Dans la résurrection du Christ dans son vrai corps, en fait, chacun de nous peut contempler le gage de sa propre résurrection, accomplissement définitif, intégral et surabondant de tout désir d’immortalité.
Dans le passage de l’Apocalypse qui a été proclamé, Jean décrit avec une efficacité extraordinaire, utilisant pour cela des expressions extraites de la promesse de l’Ancien Testament, la condition de gloire ‘ c’est-à-dire d’accomplissement total de chaque fibre de notre humanité ‘ qui nous attend dans l’au-delà, mais de laquelle nous goûtons dès à présent les prémices. «Ils n’auront plus faim, ils n’auront plus soif, la brûlure du soleil ne les accablera plus, puisque l’Agneau qui se tient au milieu du Trône sera leur Pasteur, pur les conduire vers les eaux de la source de vie et Dieu essuiera toute larme de leurs yeux» (Seconde Lecture).
La gloire du Christ Crucifié et Ressuscité resplendit et est déjà visible en germes dans l’humanité transfigurée des baptisés. Elle a façonné nos terres et donné un visage à nos peuples.
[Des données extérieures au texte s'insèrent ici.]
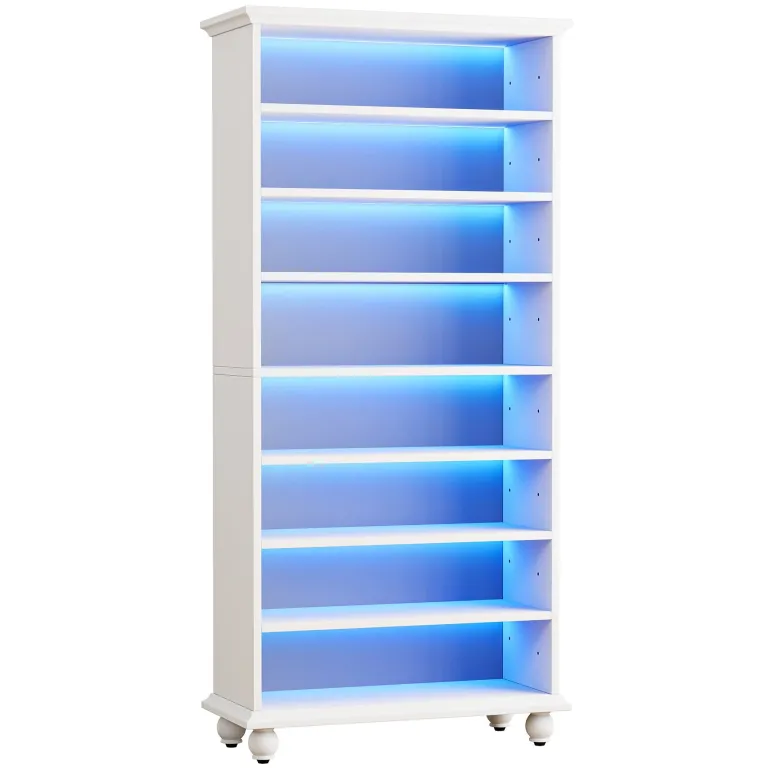 Best Sale Tribesigns 9-Tier Bookcase Wood Bookshelf with LED Lighting & Solid Wood Legs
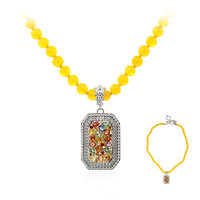 Yellow Agate Silver Necklace (Dallas Prince Designs)
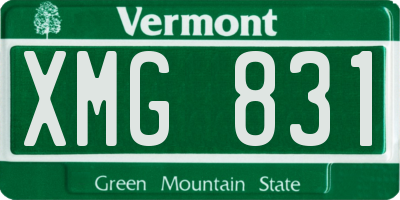 VT license plate XMG831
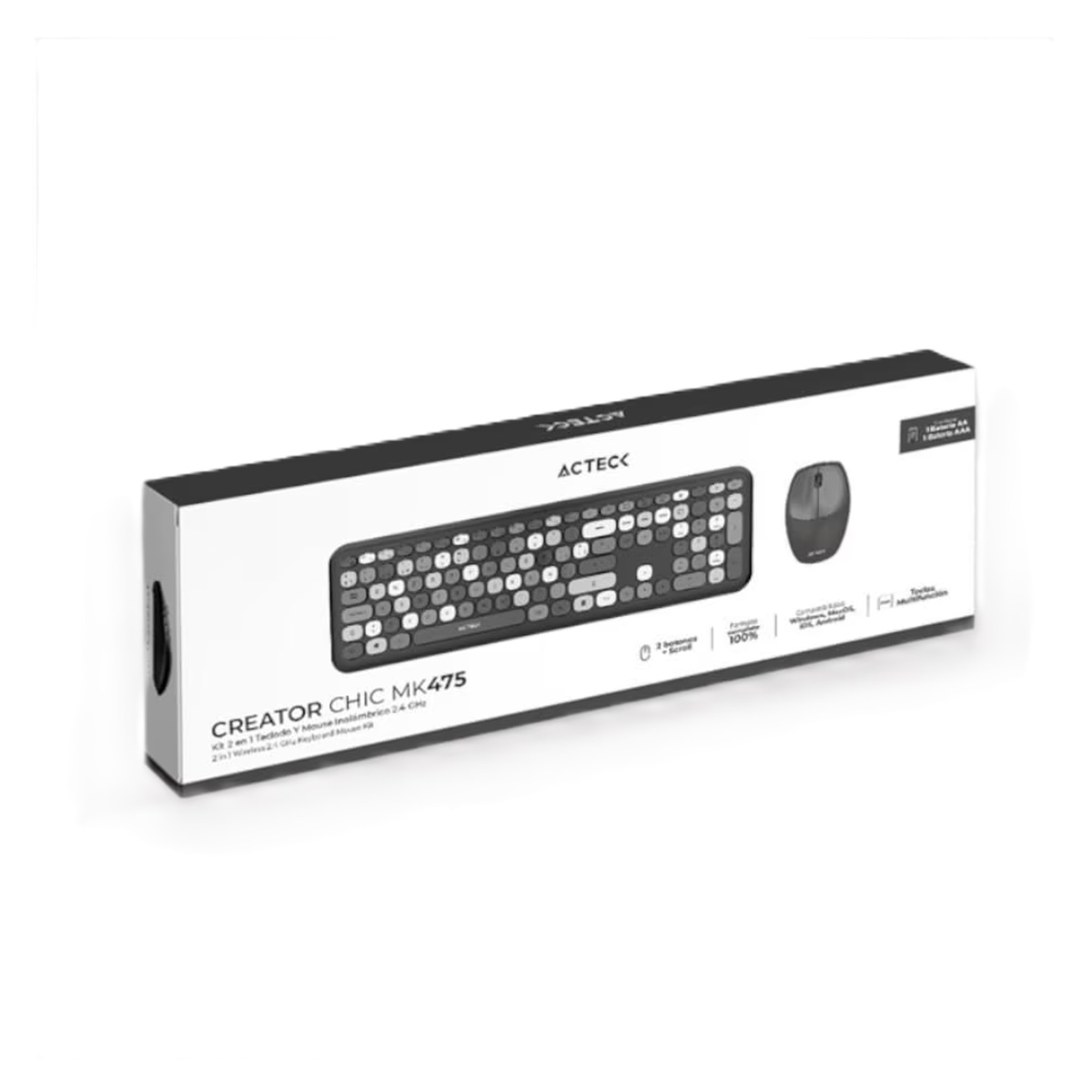 Kit De Teclado Y Mouse Acteck Creator Chic Colors MK475 Inalámbrico USB Español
Pour cela, comme nous l’a rappelé le Saint Père lors de son récent voyage en Autriche : «L’Europe ne peut pas et ne doit pas renier ses racines chrétiennes. Elles sont une composante dynamique de notre civilisation pour avancer dans le troisième millénaire. Le christianisme a profondément modelé ce continent : en rendent témoignage, dans tous les pays et particulièrement en Autriche, non seulement les nombreuses églises et les importants monastères. Mais la foi se manifeste surtout dans les innombrables personnes qu’elle a portées, au cours de l’histoire jusqu’à aujourd’hui, à une vie d’espérance, d’amour et de miséricorde» (Rencontre avec les Autorités et le Corps Diplomatique, Vienne 7 septembre 2007).
Des personnes qui tout au long de l’histoire jusqu’à aujourd’hui ont vécu et vivent une vie d’espérance, d’amour et de miséricorde : voici le lien solide qui relie la mort héroïque de Saint Maurice et Compagnons à la communauté chrétienne actuelle d’Angers.
Au commencement de l’Eucharistie, nous avons prié: «Nous voyons dans le visage de tes martyrs, Maurice et compagnons, un reflet de ton visage, Seigneur». Aujourd’hui nous en reconnaissons la compagnie consolatrice. Demandons que celle-ci investisse toute notre personne, notre Eglise et notre ville. Comme nous le suggère la sagesse antique de la Didaché: «Contemplez chaque jour le visage des saints pour trouver le réconfort dans leurs discours». Amen.